Monday, September 17, 2012

FCC rules that cable operators can buy local phone carriers

Sep 17, 2012 02:47 pm | IDG News Service
The agency relaxes rules against acquisitions contained in the 1996 Telecom Act at the request of cable operators

by Grant Gross

The U.S. Federal Communications Commission has waived restrictions that prevented cable operators from acquiring local telephone carriers, saying those mergers could lead to stronger competition to large telecom carriers for business customers.
The FCC on Monday approved a request by trade group the National Cable & Telecommunications Association (NCTA) to relax rules in the Telecommunications Act of 1996 that prohibited cable firms from acquiring more than a 10 percent stake in any local exchange carrier within the cable firm's franchise area, with some exceptions.
The '96 Act, as the law is called, attempted to preserve competition between cable providers and telecom carriers, the FCC noted in its ruling. But relaxing the rules for cable firms to acquire some local telecom carriers, called competitive local exchange carriers or CLECs, could create competition for the dominant, incumbent carriers, often called ILECs.
The decision to allow the acquisitions "will likely speed the entry of cable operators into the market for telecommunications services provided to business customers," FCC staff wrote in the ruling. "Alliances between competitive LECs and cable operators can merge these entities' complementary capabilities, resulting in increased facilities-based competition."
The NCTA argued the prohibition does not make competitive sense. The trade group argued that the '96 Act did not prohibit cable operators from acquiring CLECs, but only incumbent telecom providers. The FCC rejected that argument, and denied the NCTA's request for the agency to permanently overturn the rules, but the FCC decided to suspend the rule.
The ruling should lead to more competition, said Robert McDowell, a commissioner at the FCC. "Consumers will benefit from the increased efficiencies springing from strategic combinations between cable companies and competitive local telecom companies," he said in a statement. "This forbearance order promotes good public policy because it should spur competition in the telecommunications marketplace."
The NCTA praised the decision, saying it removed "outdated obstacles that have historically deterred pro-competitive transactions" between cable firms and CLECs. The NCTA's request for the change was prompted by one proposed merger that was rejected by a local cable franchising authority, a spokesman said.
Other groups said they were disappointed in the decision. After the FCC's August approval of a dealallowing Verizon Communications to buy wireless spectrum from a group of cable operators, "it's disappointing to see the commission scaling back these protections, too," said Matt Wood, policy director for Free Press, a digital rights group.

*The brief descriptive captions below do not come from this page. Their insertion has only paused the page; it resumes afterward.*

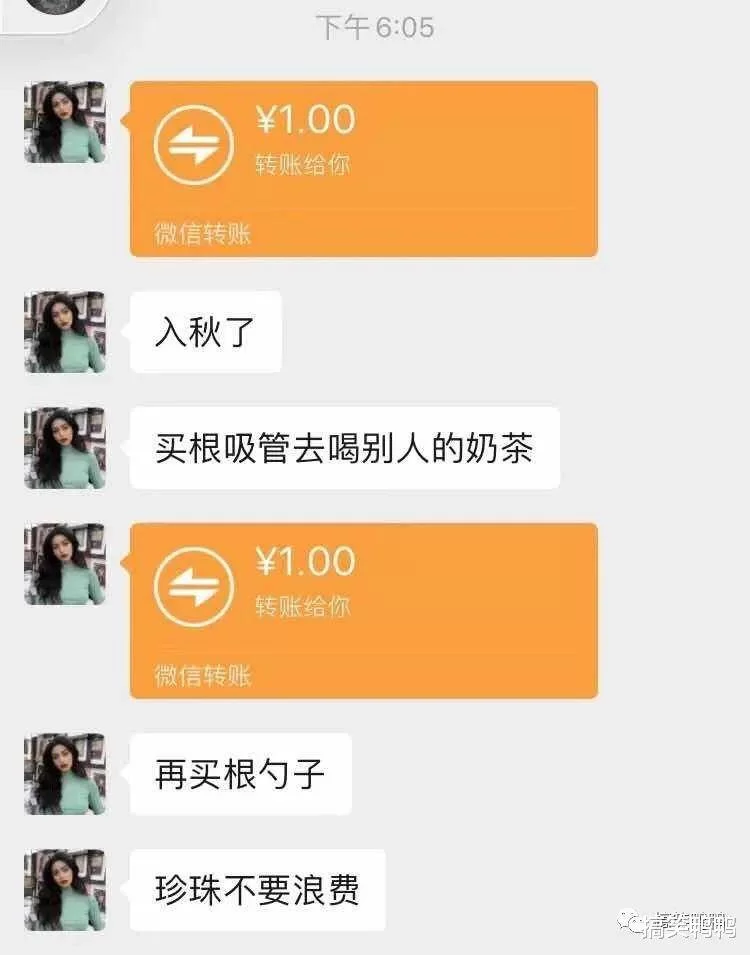 小号怎么使用,日常保养清洁有什么小窍门?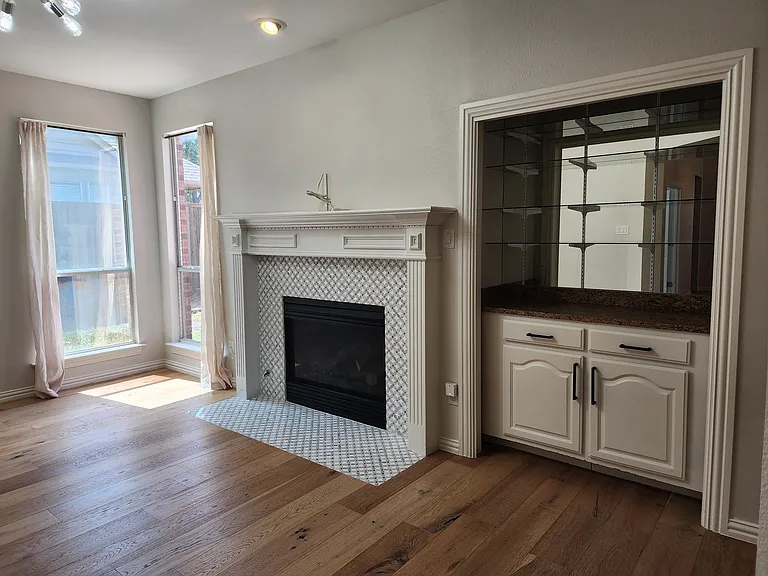 1808 Hidden Brook Trl — Photo 10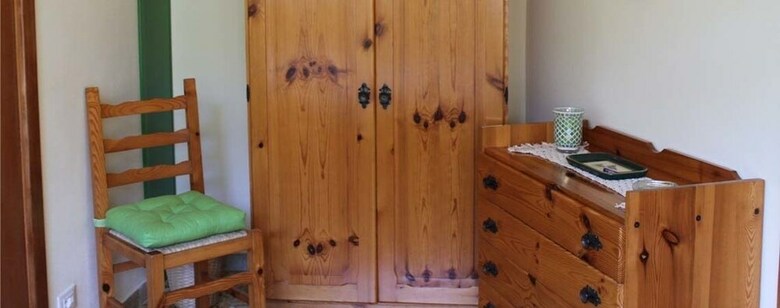 Apartamento A Due Passi Dall'alta Via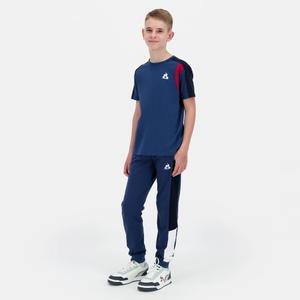l/e/le-coq-sportif_2510137_insignia-blue_8.jpg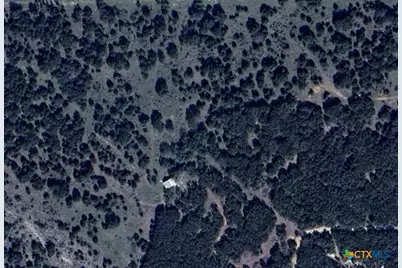 Tbd Skyridge Road, Lampasas, TX 76550 - Photo 20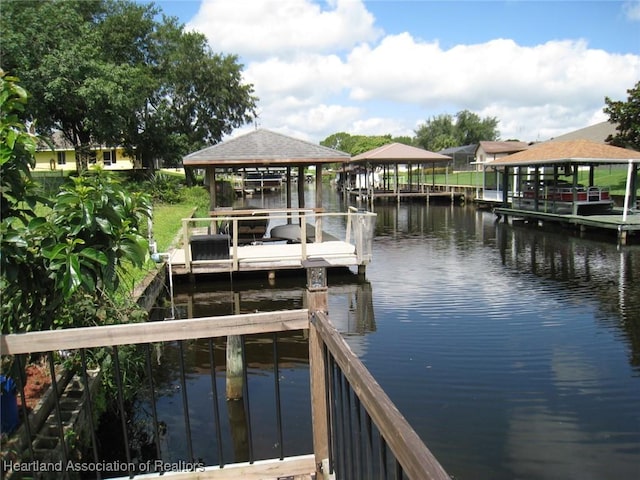 124 Bougainvillea St NE, Lake Placid, FL 33852 - photo 11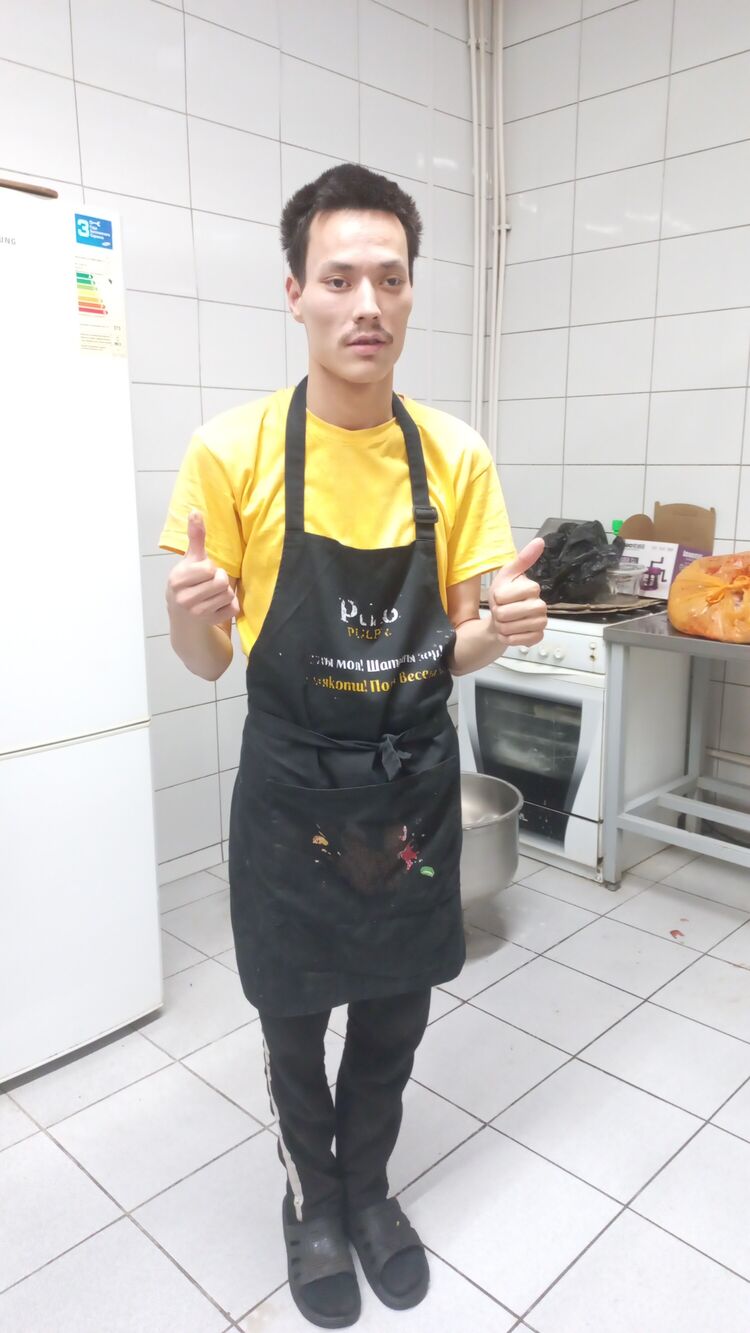  ,   , 29 ,   c ,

"We need real competition policies to spur the deployment and adoption of affordable broadband services," Wood added in an email. "We hope this so-called streamlining of the agency's review process will not merely transplant the duopolies we already see in the residential broadband market into the business market, which until now has been one of the few places that competitive carriers maintain a foothold and offer an alternative to big phone and cable."
The Independent Telephone and Telecommunications Alliance (ITTA), a trade group representing midsized telecom carriers, also raised concerns about the FCC's action.
The NCTA's request for the relaxed rules "in order to be able to compete more effectively against the 'big bad' ILECs, is a gross mischaracterization of the current communications marketplace," Genny Morelli, president of ITTA, said in an email. "In many markets, large, nationwide, vertically-integrated cable conglomerates have come to dominate the market for the bundled service packages favored by most consumers today."